Question: Which is cheaper, Wealthsimple or Questrade?

Answer: Commission schedules, account fees, and currency-conversion costs change frequently and differ by account type and trade volume, so we do not reproduce specific fee numbers here — verify the current pricing on each broker's own site before you decide, since a stale fee figure can cost you real money. The structural points that do not change: managed (robo-advisor) portfolios charge a management fee on top of the underlying ETF MERs, while self-directed accounts let you avoid the management layer but require you to do the work. For a small, infrequent trader, the difference in annual cost between the two brokers is usually small relative to the tax difference between holding investments in a TFSA versus a non-registered account. For a high-volume active trader, commission structure and US-dollar handling matter much more, and that is where you should focus your comparison. Do not let a small fee gap drive you into the wrong account type — the registered-versus-taxable decision dwarfs the broker-fee decision for most households.

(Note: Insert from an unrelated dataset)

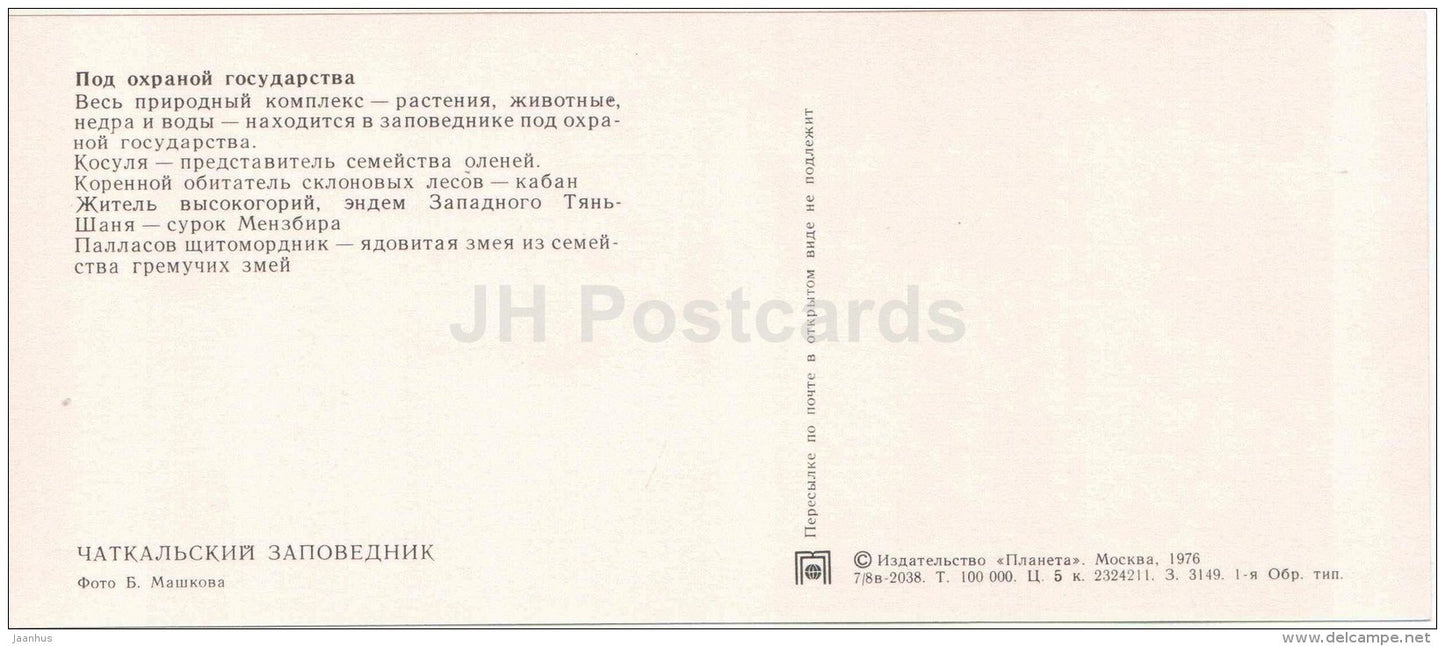 Roe Deer - Siberian pit viper - Gloydius halys - Chatkalsky National Park - 1976 - Uzbekistan USSR - unused - JH Postcards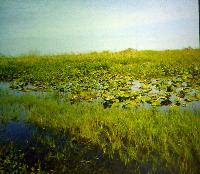 Michael Kempkes. Livebearing fishes in Florida, USA.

Question: Can I transfer my existing TFSA or RRSP from one broker to the other?

Answer: Yes. You can transfer registered accounts between brokers using a formal account-transfer request — never withdraw and re-deposit, because withdrawing from an RRSP triggers tax and lost contribution room, and withdrawing from a TFSA mid-year can cause an over-contribution penalty if you re-deposit before January 1. An in-kind transfer moves your holdings without selling them (no triggered capital gains in a non-registered account); an in-cash transfer sells everything first. The losing broker typically charges a transfer-out fee, and the receiving broker may or may not reimburse it — confirm the reimbursement policy and any minimum before you initiate. Transfers commonly take a few weeks, during which your assets may be in limbo, so do not start one right before you need to trade. The mechanics are identical in both directions between these two brokers.

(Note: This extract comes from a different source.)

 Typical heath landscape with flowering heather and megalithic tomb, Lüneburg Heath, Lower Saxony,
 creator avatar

Question: Is Wealthsimple or Questrade safer for my money?

Answer: Both are members of the Canadian Investment Regulatory Organization (CIRO) and covered by the Canadian Investor Protection Fund (CIPF), which protects eligible client assets if the member firm becomes insolvent — this is custody protection, not protection against market losses or bad investment decisions. CIPF coverage is separate from CDIC deposit insurance: CDIC covers cash deposits and GICs at member banks, while CIPF covers investment accounts at member investment dealers. Neither broker can protect you from a stock dropping in value. The practical safety question is not which firm is more solvent — both are established Canadian platforms — but whether you understand what you are buying and whether the account type matches your goal. A safe broker holding the wrong asset in the wrong account is not a safe outcome.

Question: Should I use a discount broker at all, or get financial advice first?

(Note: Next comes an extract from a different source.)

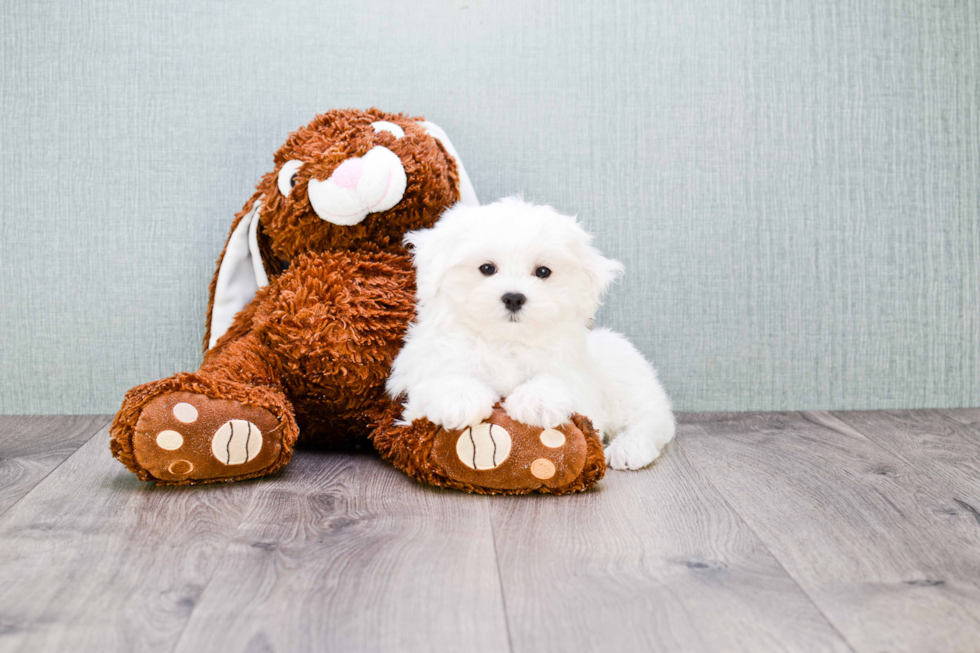 Small Maltese Baby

Answer: A discount broker is the right tool once you know your plan — your account-priority order, your asset mix, and your contribution targets. It is the wrong place to figure out the plan. The most expensive mistakes we see are not commission costs; they are structural: holding interest-bearing investments in a non-registered account while TFSA room sits empty, converting an RRSP to a RRIF without sequencing withdrawals, or selling a non-registered position and triggering a 50%-inclusion capital gain in a top-bracket year when a small change in timing would have saved thousands. Those decisions are made before you open the brokerage account, not inside it. If you are in a money-in-motion window — a severance, an inheritance, a business sale, or a divorce — the plan should come first and the platform second. The brokerage choice is the easy part.